Little Man Tate is a 1991 American drama film directed by Jodie Foster (in her directorial debut) from a screenplay written by Scott Frank.
The film stars Adam Hann-Byrd as Fred Tate, a seven-year-old child prodigy who struggles to self-actualize in social and psychological settings that largely fail to accommodate his intelligence.
Dede Tate is a young working-class woman of average intelligence and strong instincts, raising her seven-year-old son, Fred, alone.
Fred's reading and mathematics abilities are remarkable, and he plays the piano "at competition level", but his intellect has isolated him from his public school classmates.
Fred's abilities come to the attention of Jane Grierson, a former music prodigy and now a psychologist running a school for gifted children.

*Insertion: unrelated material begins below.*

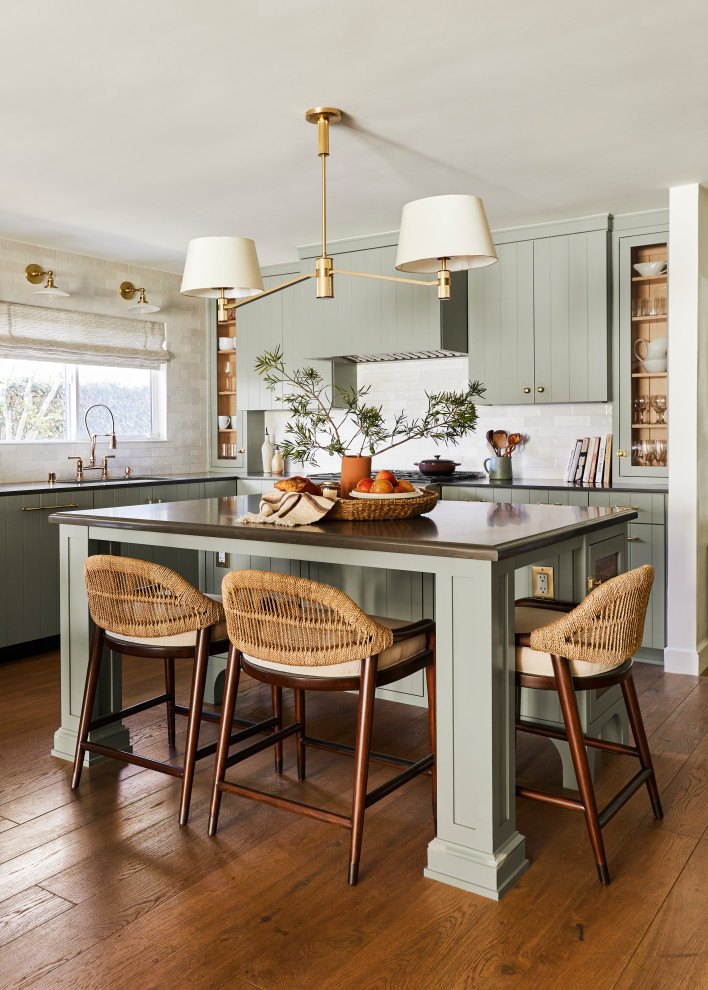 Inspiration for a transitional l-shaped kitchen in Los Angeles with an undermount sink, flat-panel cabinets, green cabinets, medium hardwood floors, with island, brown floor and black benchtop.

Fred joins other brilliant young people, and participates in Jane's Odyssey of the Mind event for part of the spring.
There he meets one of his heroes, who is one of Jane's prized pupils, the brilliant but slightly bizarre "Mathemagician" Damon Wells, a whiz at math who wears a black cape wherever he goes.
Fred is later enrolled at a university, where he studies quantum physics while his mother, aunt and cousins travel to Florida for the summer.
Dede tunes into the program from Florida and reacts immediately to Fred’s visual appearance, remarking to herself, “you look like hell, kid.” On the air, Fred claims his mother is dead, and recites a childish poem (a word-for-word repetition of a poem by Matt Montini, one of his former grade school classmates) before taking off his microphone and walking out of the studio.